• [Material to process]:
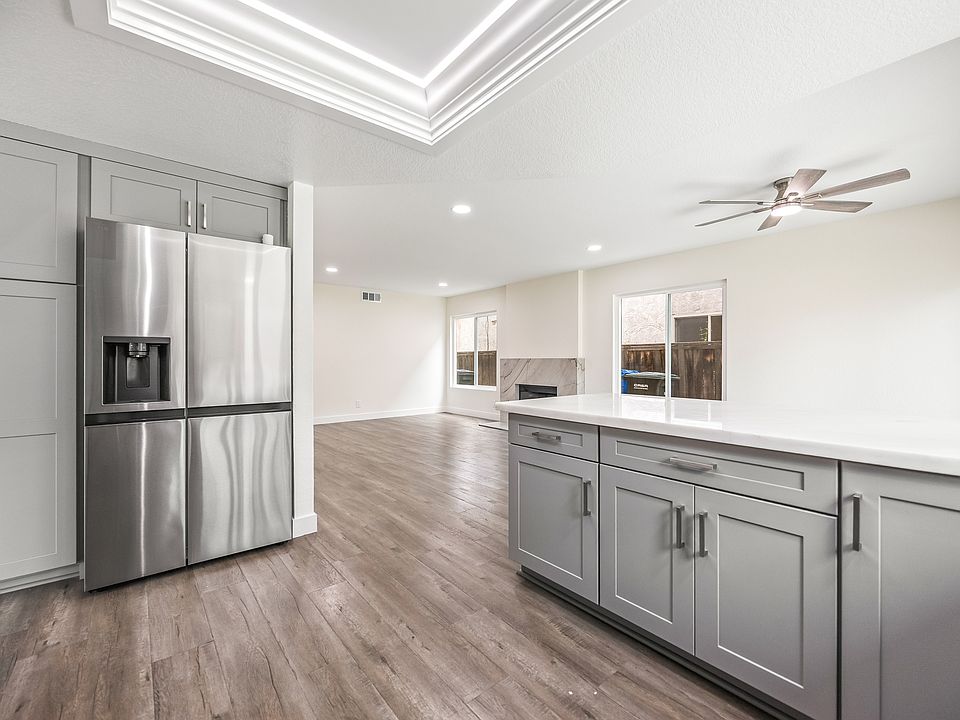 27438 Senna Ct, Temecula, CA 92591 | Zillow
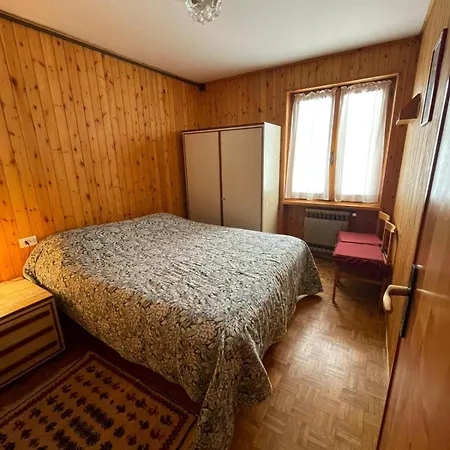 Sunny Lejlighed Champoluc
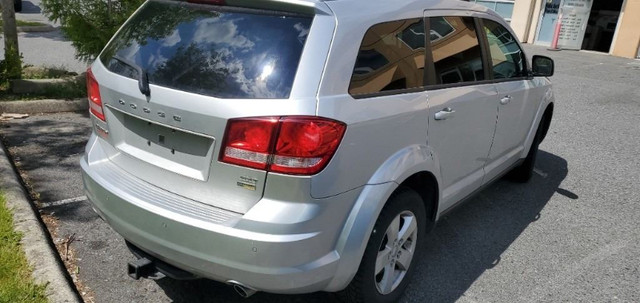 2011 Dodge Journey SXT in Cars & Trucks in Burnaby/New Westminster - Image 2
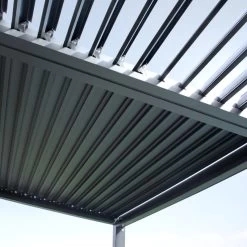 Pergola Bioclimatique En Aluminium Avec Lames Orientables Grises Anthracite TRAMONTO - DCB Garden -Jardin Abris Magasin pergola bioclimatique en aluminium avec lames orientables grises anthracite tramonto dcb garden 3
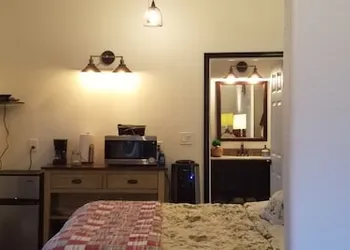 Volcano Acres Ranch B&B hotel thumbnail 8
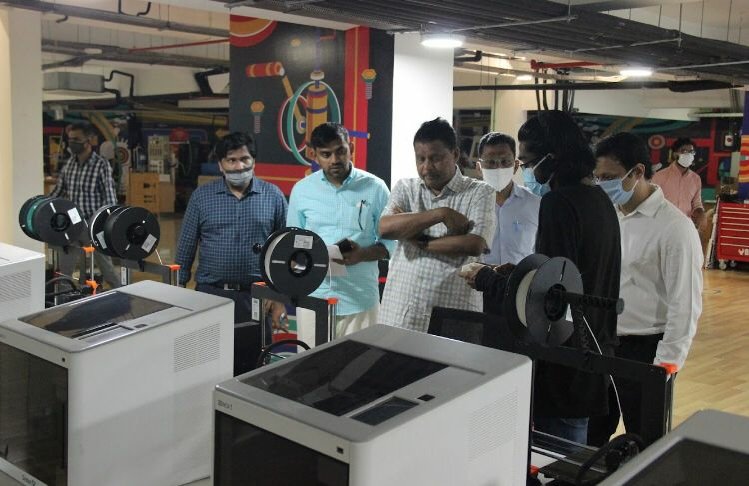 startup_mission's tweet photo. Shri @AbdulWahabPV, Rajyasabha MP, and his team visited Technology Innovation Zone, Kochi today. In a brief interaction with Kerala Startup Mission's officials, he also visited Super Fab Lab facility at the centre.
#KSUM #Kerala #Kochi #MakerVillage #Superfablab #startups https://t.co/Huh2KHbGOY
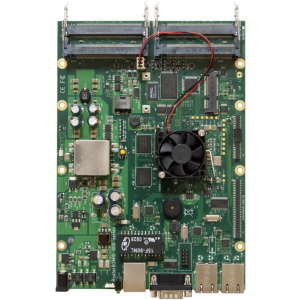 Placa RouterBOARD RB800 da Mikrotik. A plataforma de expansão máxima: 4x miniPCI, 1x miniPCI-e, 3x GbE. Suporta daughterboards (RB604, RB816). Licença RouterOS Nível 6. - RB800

* * *

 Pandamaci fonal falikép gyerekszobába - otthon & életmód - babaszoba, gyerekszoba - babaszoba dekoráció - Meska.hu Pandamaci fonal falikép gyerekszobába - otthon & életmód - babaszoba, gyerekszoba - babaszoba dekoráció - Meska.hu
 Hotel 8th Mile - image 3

...

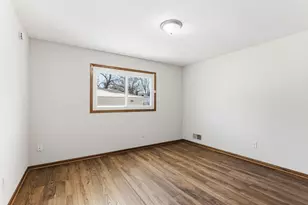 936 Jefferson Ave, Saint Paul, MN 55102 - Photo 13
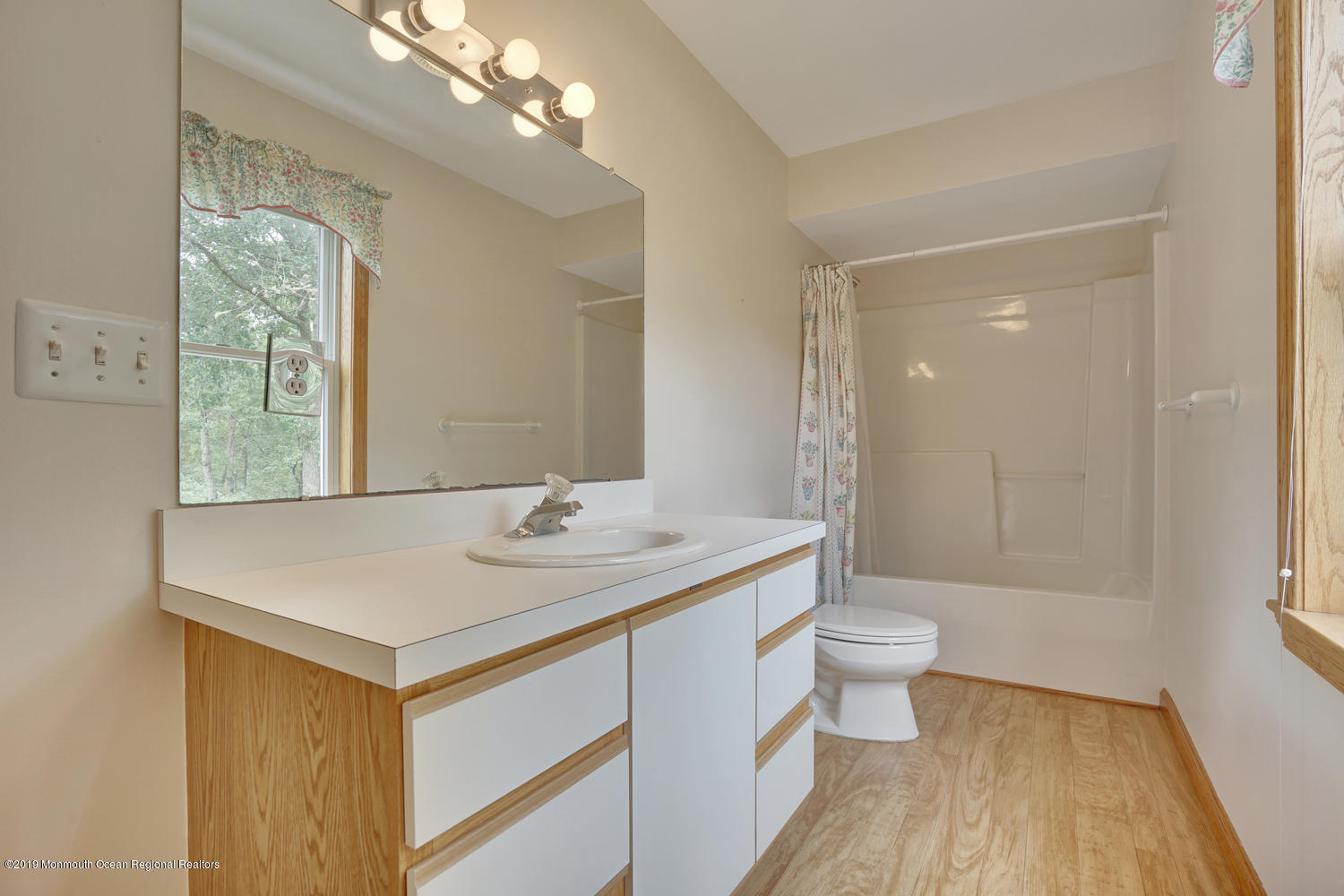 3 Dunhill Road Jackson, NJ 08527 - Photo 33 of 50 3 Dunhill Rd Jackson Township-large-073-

• [Problem description]:
Although the records above contain pictures, the copy should not; retype exactly the lines from the one containing "27438 Senna Ct, Temecula, CA 92591 | Zillow" through the one containing "Placa RouterBOARD RB800".

• [Response for this exercise]:
 27438 Senna Ct, Temecula, CA 92591 | Zillow
 Sunny Lejlighed Champoluc
 2011 Dodge Journey SXT in Cars & Trucks in Burnaby/New Westminster - Image 2
 Pergola Bioclimatique En Aluminium Avec Lames Orientables Grises Anthracite TRAMONTO - DCB Garden -Jardin Abris Magasin pergola bioclimatique en aluminium avec lames orientables grises anthracite tramonto dcb garden 3
 Volcano Acres Ranch B&B hotel thumbnail 8
 startup_mission's tweet photo. Shri @AbdulWahabPV, Rajyasabha MP, and his team visited Technology Innovation Zone, Kochi today. In a brief interaction with Kerala Startup Mission's officials, he also visited Super Fab Lab facility at the centre.
#KSUM #Kerala #Kochi #MakerVillage #Superfablab #startups https://t.co/Huh2KHbGOY
 Placa RouterBOARD RB800 da Mikrotik. A plataforma de expansão máxima: 4x miniPCI, 1x miniPCI-e, 3x GbE. Suporta daughterboards (RB604, RB816). Licença RouterOS Nível 6. - RB800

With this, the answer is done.